C’est important que les parents aient du travail pour aider leurs enfants à bien grandir et avoir une bonne éducation.

Nous désirons que les enfants aident et collaborent dans certaines tâches mais que ce ne soit pas dans un travail lourd ou trop dur pour ses forces.

Il faut que les enfants aient la possibilité de jouer même s’ils manquent de beaucoup de choses. Ils aiment jouer. A l’école nous avons la possibilité de jouer avec d’autres enfants. Jouer ensemble est très important pour apprendre à respecter les autres enfants et les adultes. Nous demandons que l’on se préoccupe de cela pour tous les enfants du monde.

Il faut dire NON à la violence. Il faut tout faire pour préserver la paix dans la famille et dans le monde. Le plus important est qu’on ne vende plus d’armes, les enfants veulent vivre dans la paix.
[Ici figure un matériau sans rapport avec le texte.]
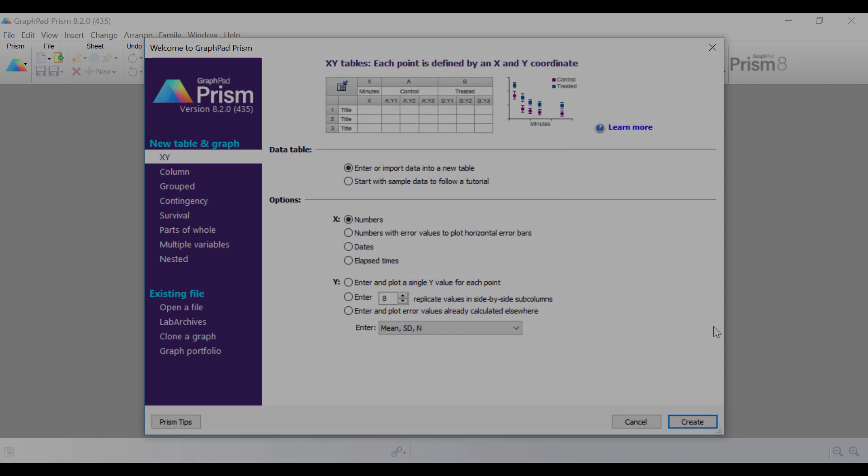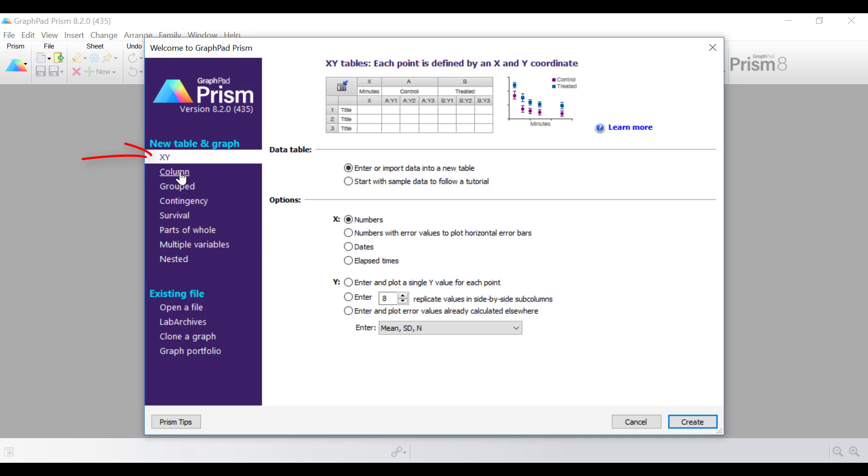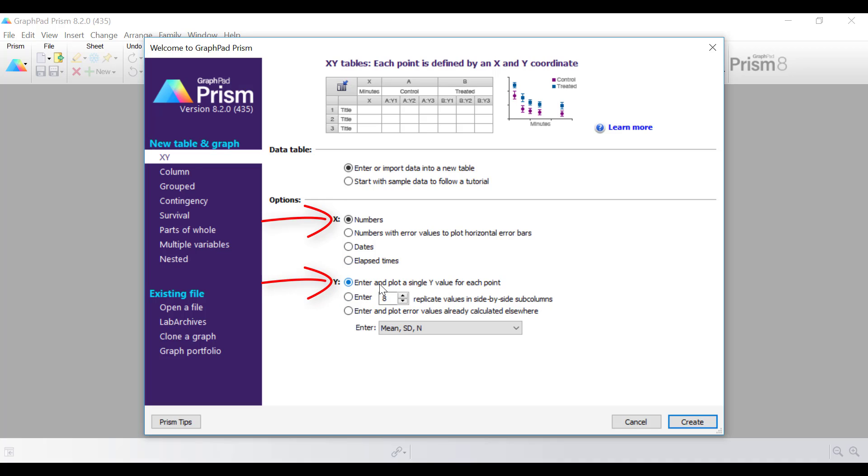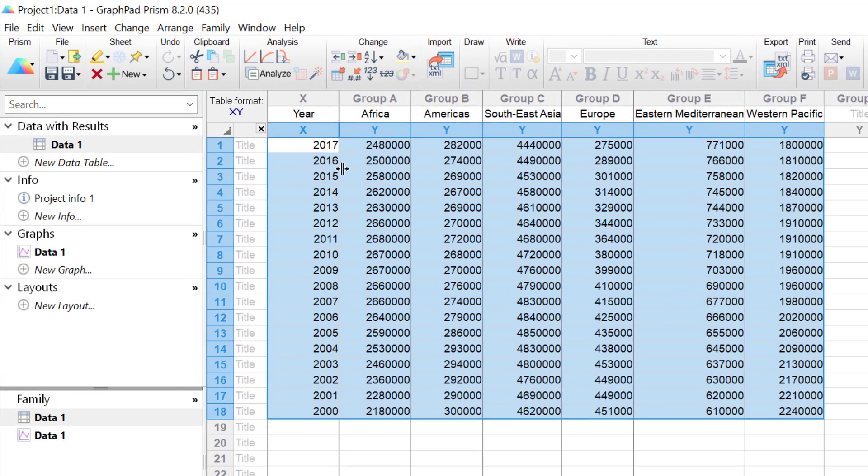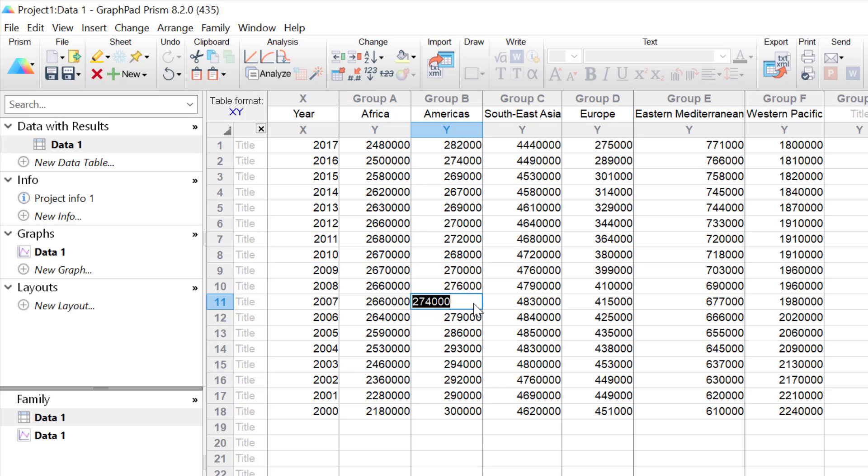In the setup window, I'm going to select an X, Y table and graph. I'm going to enter or import data into a new table. My X values are going to be numbers, and my Y values I'm going to enter and plot a single Y value for each point. I'll click the Create button. I'll now just paste in the data that I have prepared earlier. Specifically, this dataset is from the World Health Organization database, and it contains the incidence of tuberculosis cases in six regions between the years 2000 and 2017. So the X values are the years, going from 2017 at top to 2000 at the bottom. And then each group thereafter is a different region.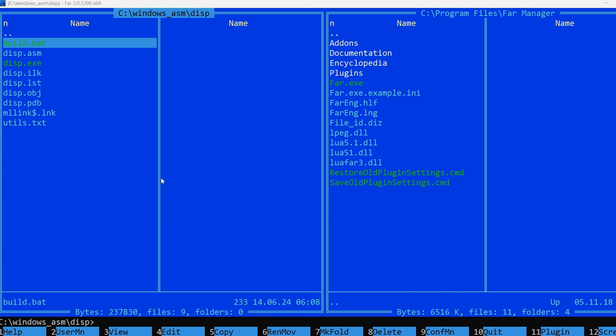In this video I'm going to talk about a tool that I'm using quite often. It's called Far Manager. It's a modern alternative to DOS Norton Commander.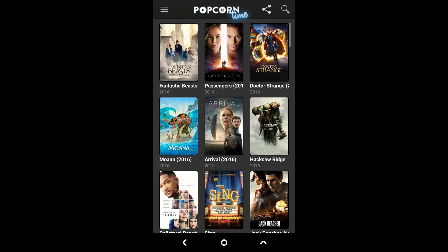This app is available on its original website — it's not available on any Play Store or App Store. After opening the app, you will be presented with a catalog of movies.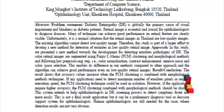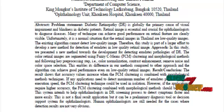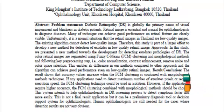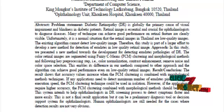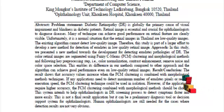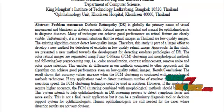The probabilistic neural network classifier classifies input retinal images into four categories: a normal image, exudate defect, hemorrhage defect, or micro-aneurysm defect. These four defects are identified and the results are displayed.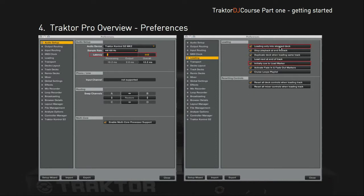In the loading tab, I want 'loading only into stopped deck' checked, to avoid accidentally loading a track into a live playing deck, which would be quite unfortunate. I also make sure I have to manually stop the deck first before loading a new track. 'Initially cue to load marker' is also something I want checked, since I'm using load markers.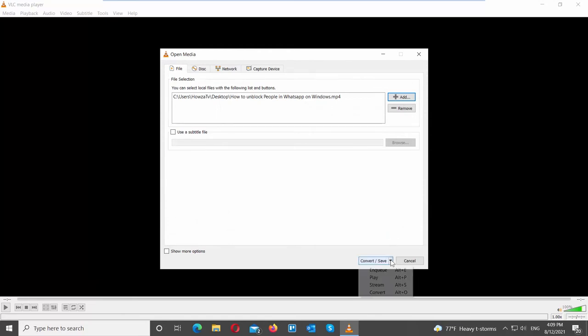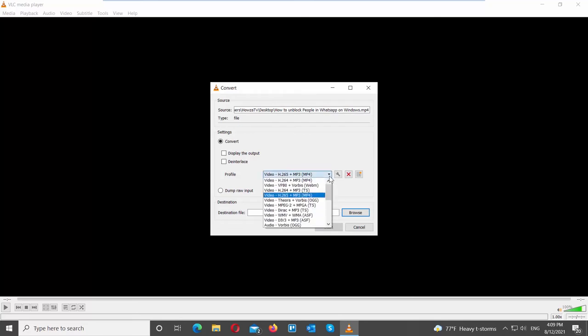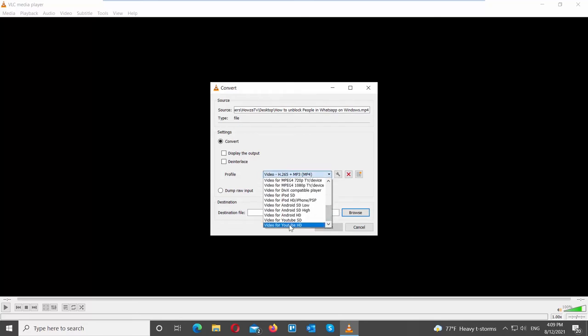Click on the arrow next to Convert Save button. Choose Convert from the list. Set Profile to Video for YouTube HD.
Et si nous avons la paix, nous avons des amis.

Nous voudrions que les mines se transforment en chaussures Nous voudrions que les balles se transforment en des bonbons et les fusils en tracteurs.

Nous n’avons pas de solutions mais nous voulons que tout le monde connaisse la situation des enfants qui ont des difficultés, pour qu’ils ne se sentent plus seuls et pour qu’à la fin, on trouve une solution pour rendre leur vie meilleure. Nous demandons aux Nations Unies de connaître les enfants pauvres et d’apprendre d’eux tout ce qu’ils font déjà avec leurs amis pour changer les choses..

Nous les Tapori, nous voulons être les amis de tous. Il est important de s’unir pour que le monde change et que ce soit plus juste pour ceux qui souffrent. Si chacun peut convaincre les gens de croire en Tapori et dans la nouvelle génération le monde serait meilleur.

S’il vous plaît que les grands nous aident à le construire.

Forum International des enfants Tapori :
L’amitié gagne sur la misère à l’occasion
des 10 ans de la Convention des Droits de l’Enfant.